*Data for processing:*
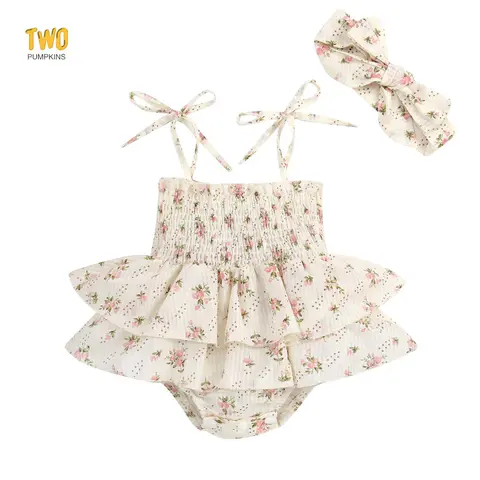 Baby Girl Summer Jumpsuit Set Floral Elasticated Bust Sleeveless Ruffled Romper with Bow Headband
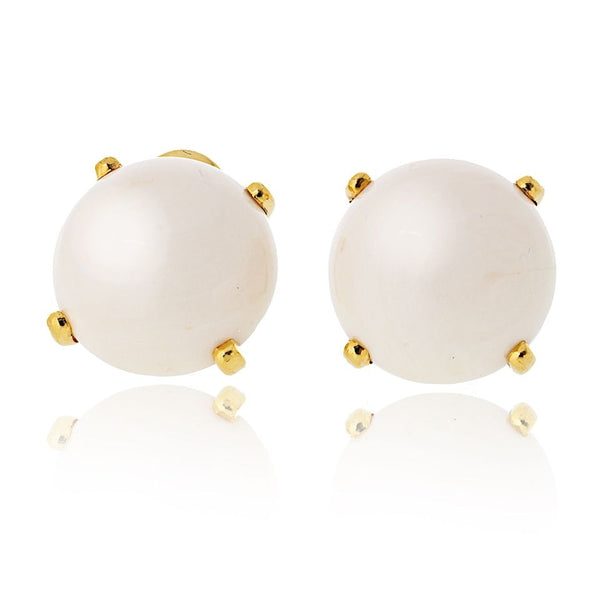 David Webb White Coral 18K Yellow Gold Clip-On Round Earrings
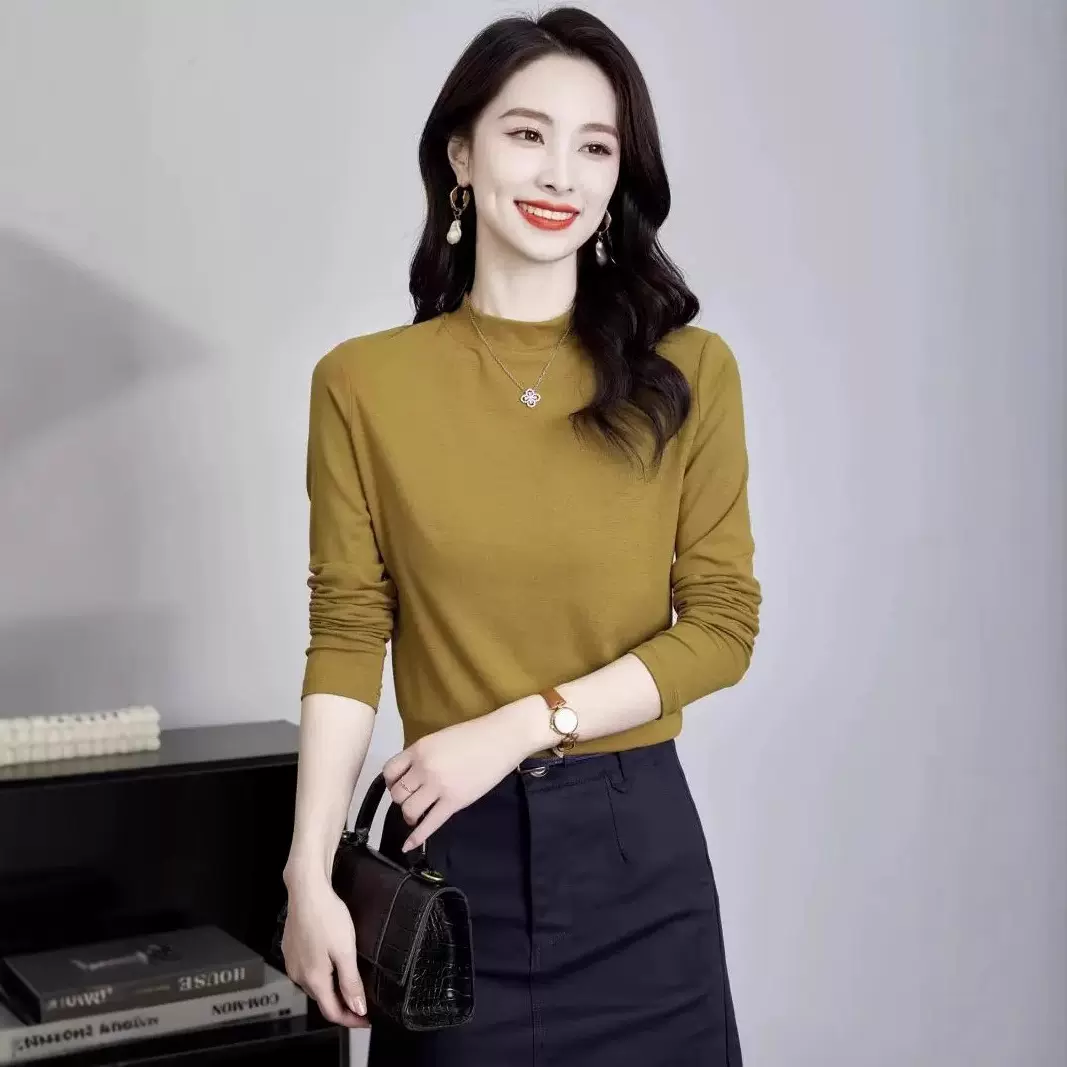 2025秋冬新款长袖上衣女T恤打底休闲宽松舒适ins潮流气质百搭体恤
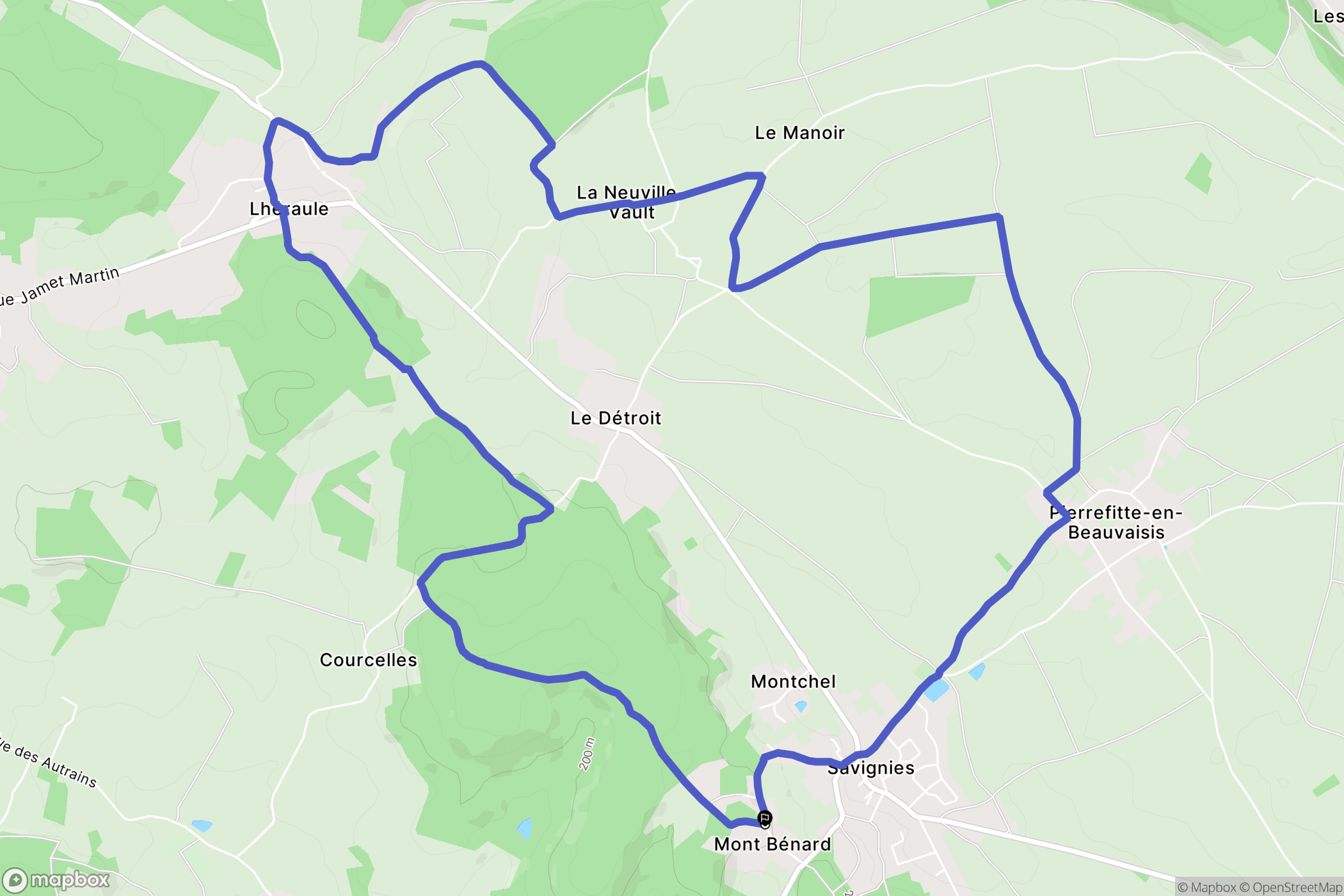 Savignies : carte du parcours de randonnée - France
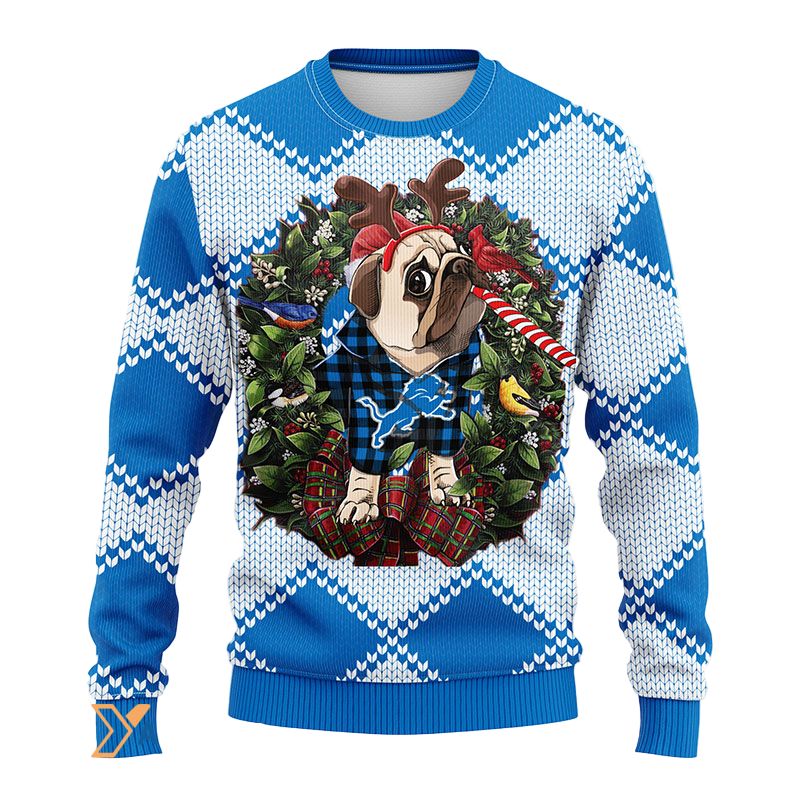 Ugly Christmas Sweater Detroit-Lions, Pub Dog Blue/White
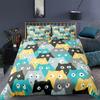 Cat Duvet Cover Polyester Pattern With Hipster Playful Feline Characters, Decorative 3 Piece Twin Bedding Set With 2 Pillow Sham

*Task details:* Give back, exactly and with nothing added, the lines from the line with "2025秋冬新款长袖上衣女T恤打底休闲宽松舒适ins潮流气质百搭体恤" through the final line of the data, both included; leave pictures out.

*Response to the task:*
 2025秋冬新款长袖上衣女T恤打底休闲宽松舒适ins潮流气质百搭体恤
 Savignies : carte du parcours de randonnée - France
 Ugly Christmas Sweater Detroit-Lions, Pub Dog Blue/White
 Cat Duvet Cover Polyester Pattern With Hipster Playful Feline Characters, Decorative 3 Piece Twin Bedding Set With 2 Pillow Sham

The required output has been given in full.